Fußball-Bundesliga Bremen brilliert, Hamburg verliert

Bis zur Halbzeit sah es so aus, als ob die Bundesliga-Saison noch einmal spannend werden würde. Der FC Bayern lag zurück. Der HSV machte das Rennen um die Champions-League-Plätze spannend. Am Ende zeigten sich die Bayern aber doch souverän, auch Bremen hatte gut lachen.


Hamburg - Mit 5:0 gewann Werder Bremen am 27. Spieltag der Fußball-Bundesliga sein Heimspiel gegen Hannover 96 Damit rückten die Bremer auf den dritten Tabellenrang vor.

Dabei taten sich die Bremer lange Zeit schwer gegen die Gäste.

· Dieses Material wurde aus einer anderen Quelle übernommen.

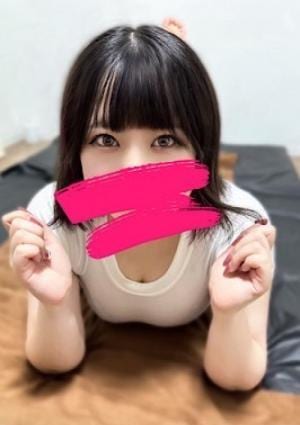 Blue Star（ブルースター） うさ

Hannover war in der ersten Hälfte die spielbestimmende Mannschaft. Allerdings verpassten die Niedersachsen die Führung, als Werder-Torwart Tim Wiese die Chancen von Christoph Dabrowski (11./18.), Vahid Hashemian (18.), Per Mertesacker (22.) und Michael Tarnat (29.) vereitelte. Umso glücklicher fiel das 1:0 von Nelson Valdez, der zuletzt mit Borussia Dortmung in Verbindung gebracht wurde und anstatt von Ivan Klasnic in der Startelf stand. Johan Micoud traf noch vor der Pause zum 2:0 (45.+2).

Abermals Valdez (52./83.) und Sturmpartner Miroslav Klose (53.) machten den Bremer Sieg perfekt. "Besser als in der ersten Halbzeit können wir eigentlich nicht spielen", sagte 96-Trainer Peter Neururer, "Nach den schnellen Gegentoren in der zweiten Halbzeit war die Partie entschieden, ein 0:4 kann man gegen Werder nicht aufholen."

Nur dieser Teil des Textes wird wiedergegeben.